Glazer dan Searfoss (1988) mengemukakan bahwa siswa perlu menghargai segi-segi positif dalam dirinya, sehingga mereka menjadi yakin, percaya diri, dan bisa melaksanakan tugas dengan baik. Sebaliknya, siswa yang mempunyai harga diri (self esteem) rendah, selalu takut berbuat salah, dia tidak akan berusaha untuk mencoba berulang kali menyelesaikan tugasnya sampai tuntas.

Untuk menyelesaikan tugas apa pun, siswa harus berusaha mencobanya walaupun gagal atau mengalami perubahan. Perubahan tersebut merupakan salah satu bagian dari proses belajar. Siswa yang mempunyai harga diri dan percaya diri, akan mencoba dan mencoba lagi apabila mengalami kegagalan. Siswa yang merasa bahwa belajar adalah tanggung jawabnya sendiri akan memahami bahwa kegagalan adalah bagian proses belajar. Misalnya siswa yang lancar membaca memperlihatkan rasa percaya diri dan harga diri, mempunyai hasrat dan minat membaca, dan akan terus menerus menguasai keterampilan membaca dan menulis.

Terkait dengan pendapat Glazer dan Searfoss (1998), Harris dan Sipay (1980) mengemukakan bahwa siswa yang kurang mampu membaca merasakan bahwa dia tidak mempunyai kemampuan yang memadai, tidak hanya dalam pelajaran membaca, tetapi juga pelajaran yang lainnya. Dari sudut pandang ini, salah satu fungsi membaca adalah membantu siswa mengubah perasaannya tentang kemampuan belajar membacanya dan meningkatkan rasa harga dirinya (self esteem).
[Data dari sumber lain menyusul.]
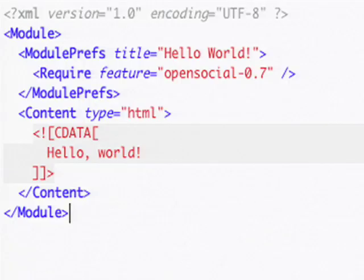Below that, we actually define the content of the gadget. Here the content type is HTML. Inside of that we have a CDATA section, which is where all of our code — our HTML and JavaScript — goes. And the string: hello world.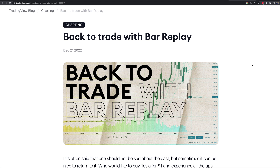What's going on everybody? Welcome into this video. We got a really cool video showing you how you can actually go back, replay charts on TradingView, and then actually trade those charts or that time frame that you are looking at with bar replay. So we're going to get right into it. This should be a pretty short video so you guys can get in and get out with what you need.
Program yang bertujuan untuk mencapai tujuan tersebut menurut Harris dan Sipay (1980) mempunyai empat aspek utama, yakni:
1. Pembaca yang lemah (poor reader) harus dibantu agar dia merasakan bahwa dia disukai, dihargai dan difahami.
2. Pengalamannya tentang keberhasilan mengerjakan tugas harus dirasakannya sebagai suatu kemampuan.
3. Anak-anak yang berusaha dengan semangat harus diberi dorongan untuk mencapainya dengan menggunakan bahan bacaan yang menarik.
4. Siswa bisa dilibatkan dalam menganalisis masalah yang mereka temui dalam membaca, kemudian merencanakan kegiatan-kegiatan membaca, dan menilai kemajuan membaca mereka.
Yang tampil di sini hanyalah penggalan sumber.